Avvocatura e tecnologia: usarla non basta, bisogna governarla

Qualcosa è cambiato, e vale la pena notarlo. Fino a poco tempo fa, molti studi legali preferivano non dire troppo ad alta voce che utilizzavano strumenti di intelligenza artificiale, quasi fosse una cosa di cui vergognarsi — come se ammettere l’uso della tecnologia significasse sminuire il lavoro dell’avvocato agli occhi del cliente. Oggi accade il contrario: gli studi annunciano con orgoglio le loro collaborazioni con società tech. Un cambio di passo che non è casuale.
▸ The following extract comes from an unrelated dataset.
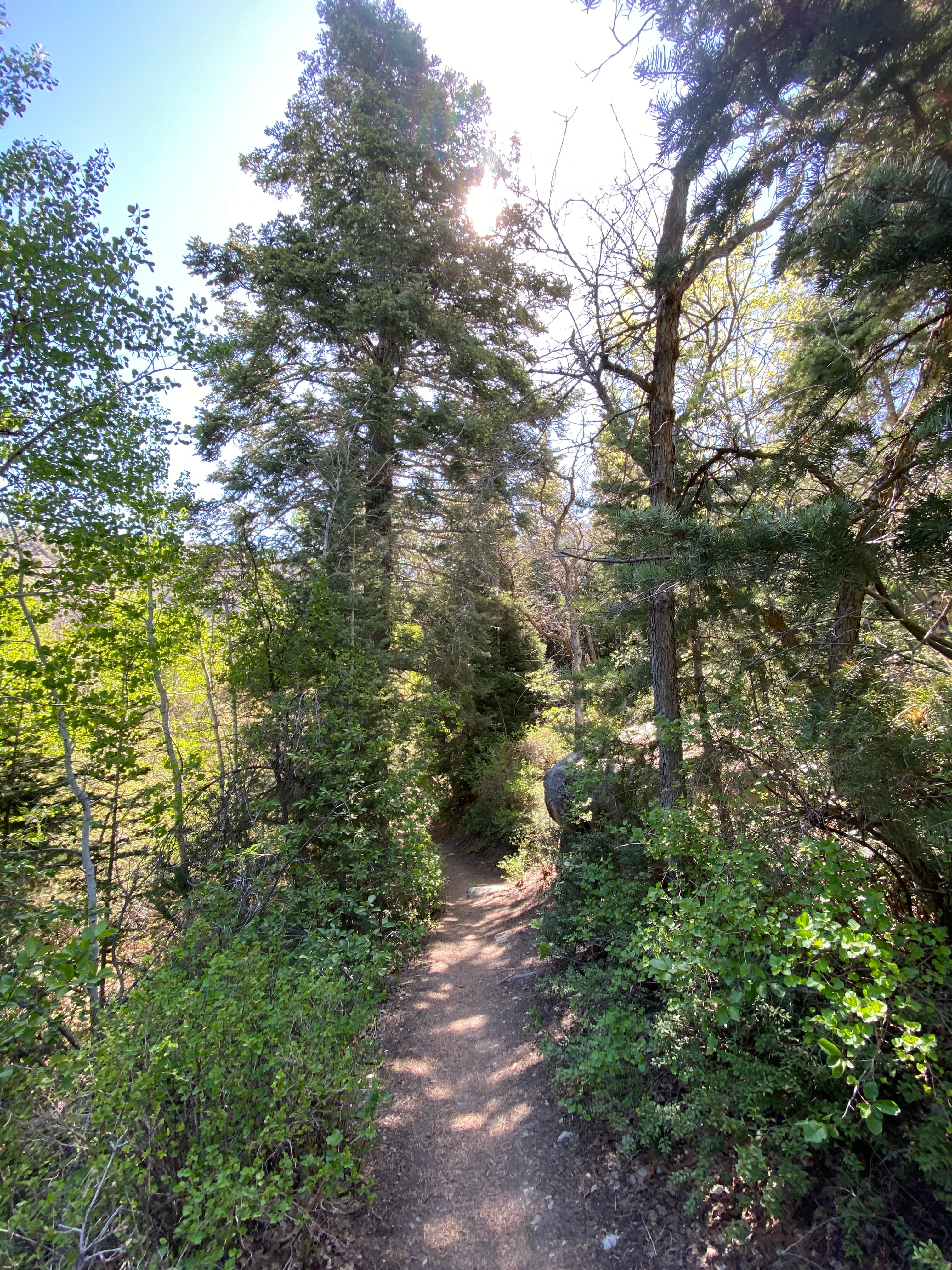 Salt Lake City: 4 Days Is Too Short curated by Anna Reid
La ragione è semplice: i clienti lo pretendono. Sanno — e giustamente — che l’AI è in grado di migliorare sensibilmente la qualità del lavoro legale, indipendentemente dalla bravura o dalla reputazione del professionista. Chi non si aggiorna rischia di essere percepito come chi ancora lavora senza strumenti adeguati.

Ma c’è un rovescio della medaglia, e ce lo ricorda una notizia di questi giorni dagli Stati Uniti: una grande law firm americana è stata sorpresa a usare l’intelligenza artificiale in modo poco accorto, producendo atti con le ormai celebri “allucinazioni” dell’algoritmo — citazioni inventate, riferimenti inesistenti. Il fatto che sia accaduto a uno studio ricco, strutturato e teoricamente evoluto è un segnale che non va sottovalutato.

Dotarsi della tecnologia migliore non è sufficiente. Bisogna formare chi la usa. Perché quando il mercato scopre che i tuoi atti sono pieni di errori generati dall’AI, nessuno strumento sofisticato potrà restituirti la fiducia persa.